Interval Type-2 Mutual Subsethood Cauchy Fuzzy Neural Inference System (IT2MSCFuNIS)

Abstract

AbstractAn interval type-2 (IT2) mutual subsethood Cauchy fuzzy neural inference system has been proposed in this paper. The network architecture consists of 3-layers with all connection weights being IT2 Cauchy fuzzy membership functions (CMFs). The crisp inputs to the system are fuzzified into IT2CMFs with fixed centers and uncertain spreads. The hidden layer represents the rule-based knowledge. The firing degree of the antecedent part of each rule at the hidden layer is computed by aggregating the product of the mutual subsethood similarity measures between the inputs and the connection weights. A volume defuzzification is used to compute the numeric output. A gradient descent back-propagation algorithm is used to train the model. The novelty of the proposed model is threefold. First, is enriching the theory of the mutual subsethood fuzzy neural models by adopting the Cauchy membership function (CMF) as another powerful fuzzy basis function (FBF) rather than the classical choice of Gaussian fuzzy membership functions (GMFs). Second, is the success of computing the mutual subsethood similarity measure between the IT2CMFs and all the model parameters’ updating equations in analytic closed-form formulas, not numerically or approximately.

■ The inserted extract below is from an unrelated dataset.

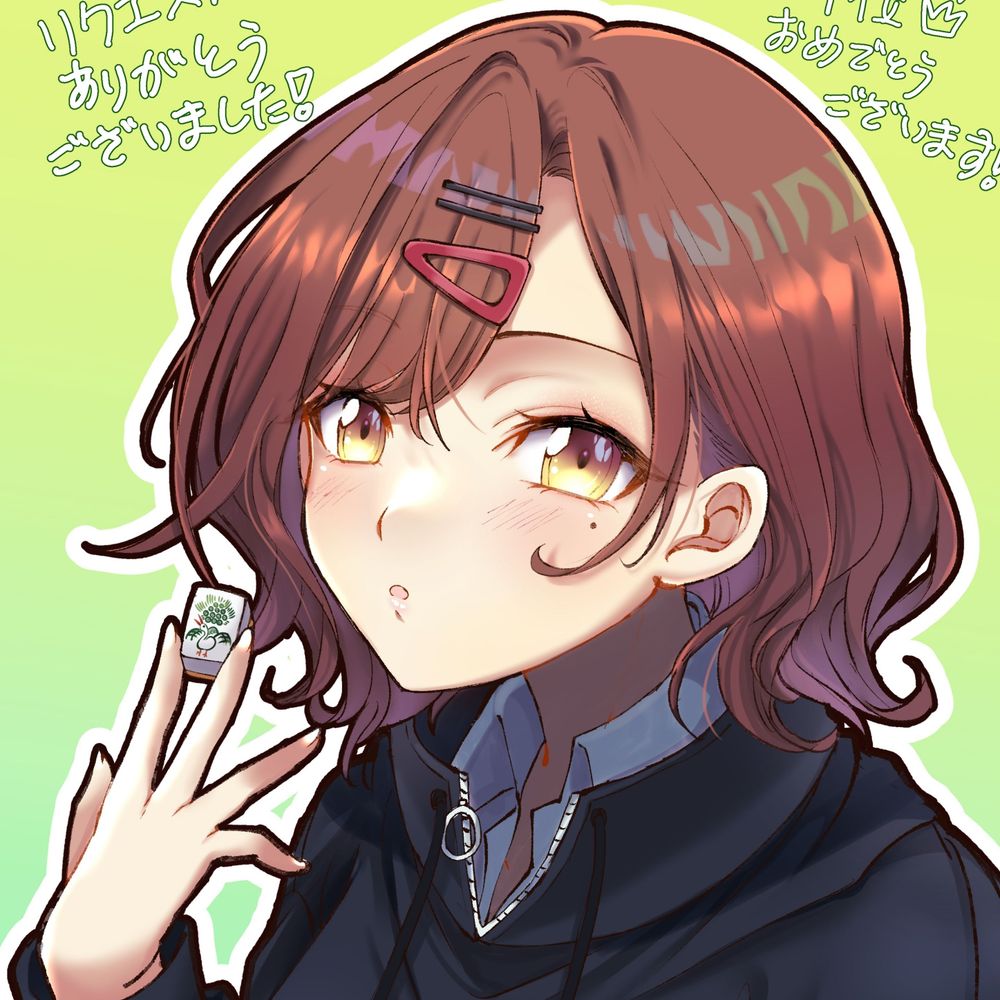 鬼オリ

Third, is the ability to extract the type-1 (T1) mutual subsethood Cauchy fuzzy neural inference system (T1MSCFuNIS) with all its analytic closed-form formulas directly as a special case from the general formulas of IT2MSCFuNIS model. Such a novelty makes the proposed model a concrete and effective development of the theory of mutual subsethood fuzzy neural models. Both IT2MSCFuNIS and T1MSCFuNIS models have been tested using different examples from the domains of function approximation, classification, and prediction. The results ensure the efficacy of both models compared with other models reported in the literature.